## Task description
Look through the entries below and extract exactly the lines from the one containing "fairy tale knight" through the one containing "Simply Good Rehausseur flèche-elephant gris", ends included.

## Data records
-------------------------

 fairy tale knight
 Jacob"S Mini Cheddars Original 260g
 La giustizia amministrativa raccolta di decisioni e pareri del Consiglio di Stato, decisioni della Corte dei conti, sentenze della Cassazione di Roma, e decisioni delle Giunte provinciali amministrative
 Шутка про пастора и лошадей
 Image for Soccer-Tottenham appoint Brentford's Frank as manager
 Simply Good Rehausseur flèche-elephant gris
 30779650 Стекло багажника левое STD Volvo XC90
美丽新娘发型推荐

-------------------------

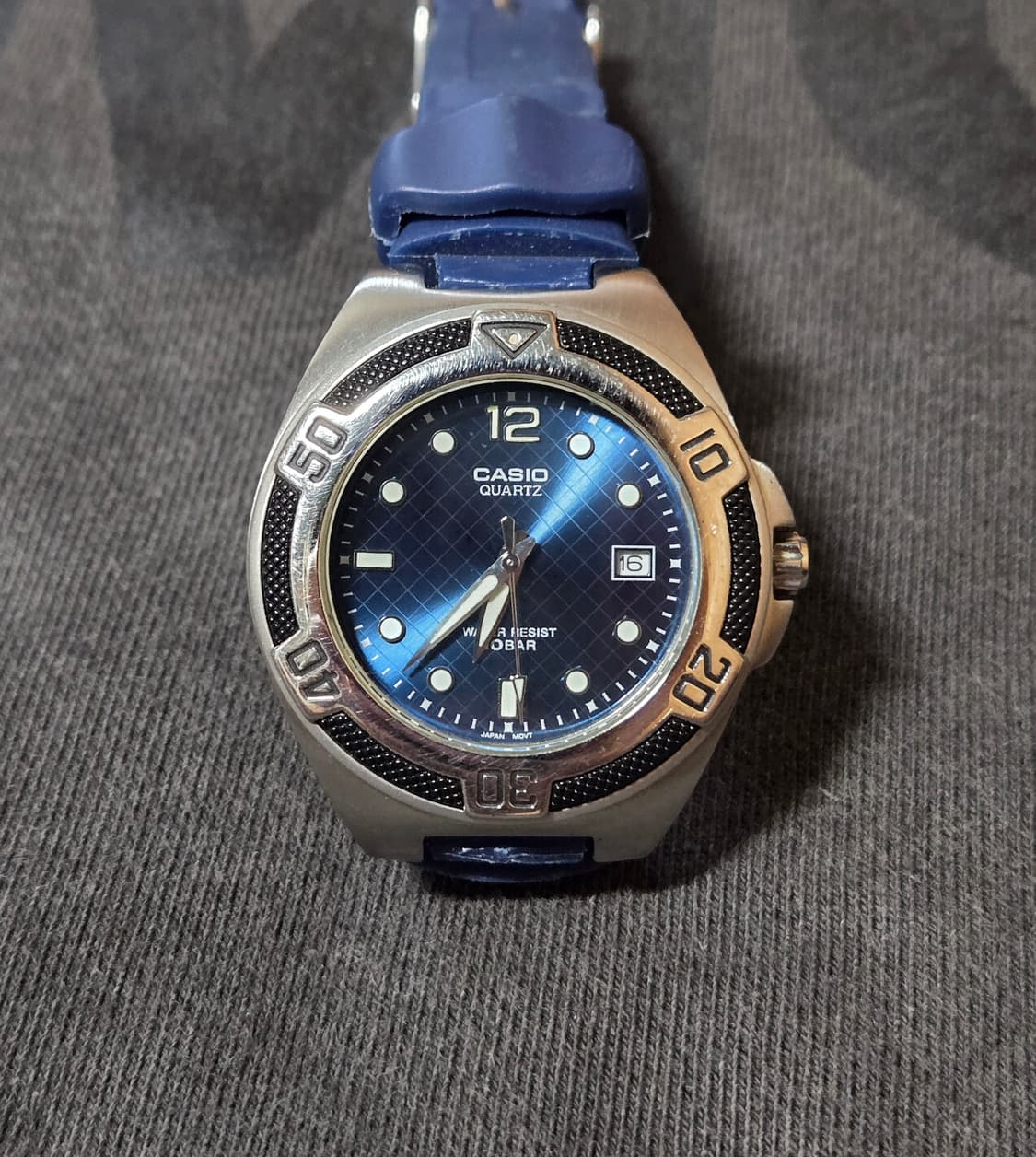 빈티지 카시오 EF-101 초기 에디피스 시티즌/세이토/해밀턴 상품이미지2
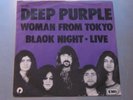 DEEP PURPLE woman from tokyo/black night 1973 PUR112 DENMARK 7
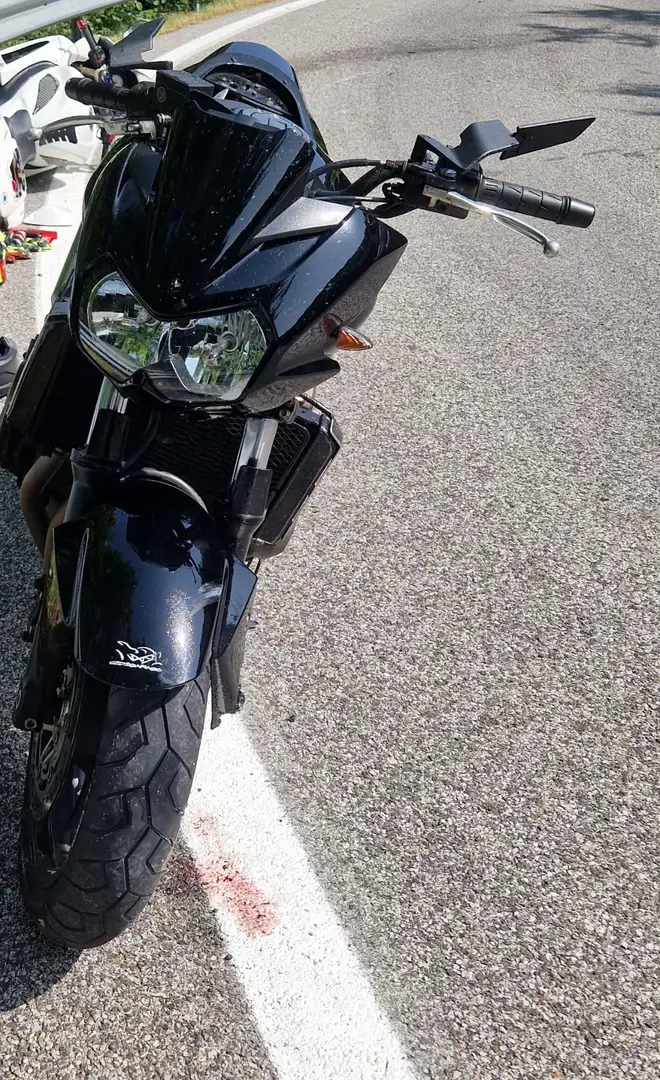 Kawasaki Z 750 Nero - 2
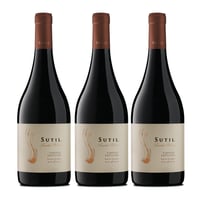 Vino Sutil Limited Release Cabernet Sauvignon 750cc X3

-------------------------

## Answer space
 fairy tale knight
 Jacob"S Mini Cheddars Original 260g
 La giustizia amministrativa raccolta di decisioni e pareri del Consiglio di Stato, decisioni della Corte dei conti, sentenze della Cassazione di Roma, e decisioni delle Giunte provinciali amministrative
 Шутка про пастора и лошадей
 Image for Soccer-Tottenham appoint Brentford's Frank as manager
 Simply Good Rehausseur flèche-elephant gris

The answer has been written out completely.